Let's say a repository A has some history

 commit4
    ^
 commit3
    ^
 commit2
    ^
 commit1
    ^
 commit0

If I now wanted to "split" repository A at commit2, i.e. I want a repository B to be a fork of A, where

history of A:

 commit2
    ^
 commit1
    ^
 commit0

history of B:

 commit4
    ^
 commit3
    ^
 commit2
    ^
 commit1
    ^
 commit0

How would I best do that using either bitbucket or the Mercurial Workbench?


Solution

  • Using TortoiseHg Workbench you could do the following:

    1. Right click on A in the Repository Registry in the Workbench and click Clone.
    2. Set the destination to B and click Clone.
    3. Double click on A in the Repository Registry to view it's commits.
    4. Right click on commit3, select Modify History then select Strip. This will delete every commit after commit3 and including commit3.
    5. You now have repositories A and B with the desired structure.

    Using BitBucket you could do the following:

    1. Go to the Overview page for A and click Fork in the menu on the left to create a fork of A called B.
      A and B will now both have the same full set of commits as A.
    2. Again go back to the Overview for A and click Settings at the bottom of the menu on the left.
    3. In the Settings menu click on Strip Changesets.
    4. Enter commit3 into the box and click Preview Strip.
    5. This will show you the commits that will be deleted, double check that it shows the expected commits, in this case commit3 and commit4.
    6. Click Confirm Strip to delete the commits.

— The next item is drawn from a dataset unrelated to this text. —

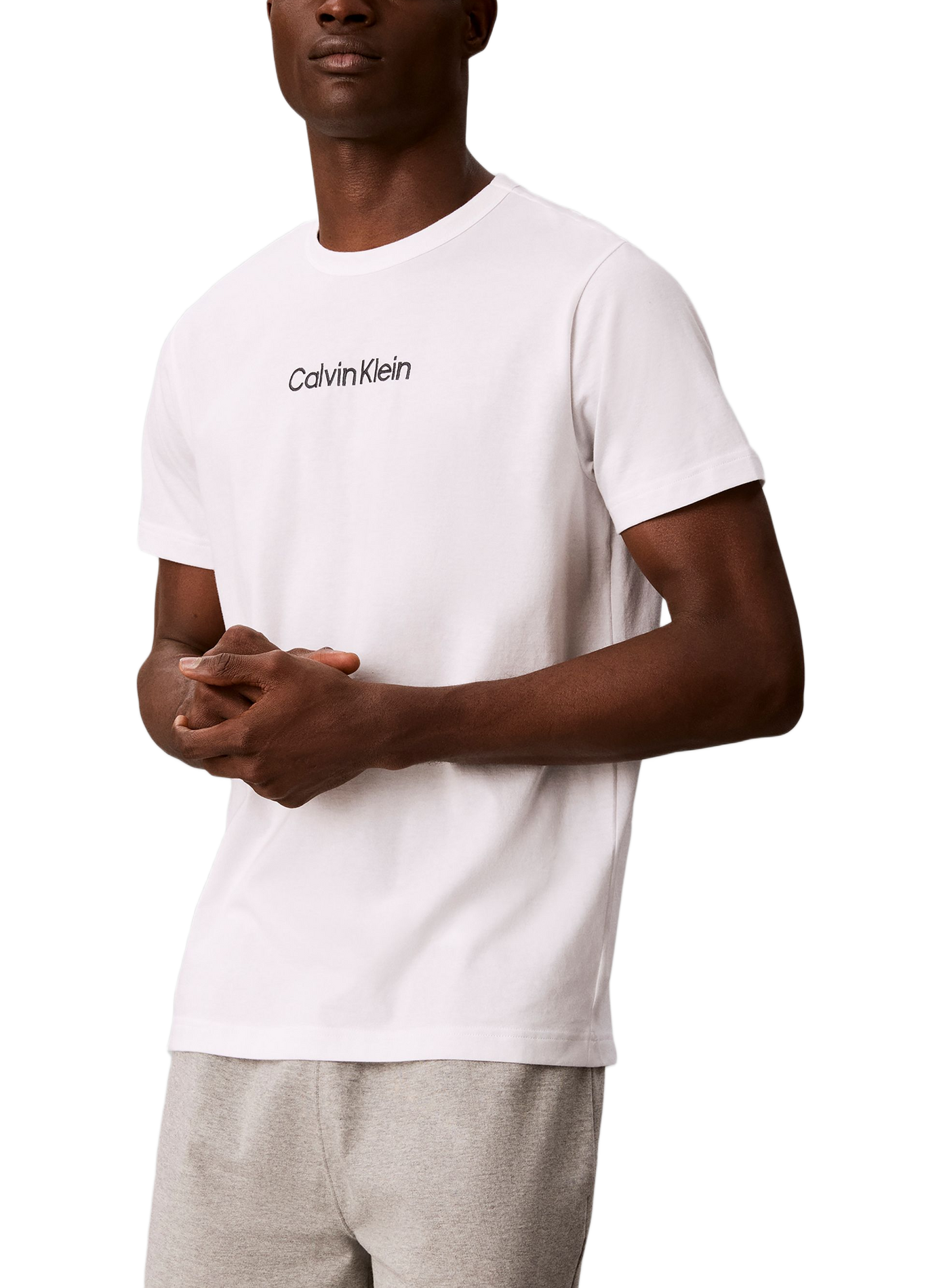 T-shirt en coton  | Blanc CALVIN KLEIN Homme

    Problems to watch out for with these strategies are:

    1. Make sure you have a full backup of A somewhere because the strip action is destructive.
    2. If there are existing clones of A out there and one of them gets pushed to A on BitBucket then the stripped changes will be pushed in again. You need to make sure that all the clones also have the strip carried out on them, or that fresh clones are made.
    3. If you push from B to A then the stripped changes could be pushed back in since they're both from the same root.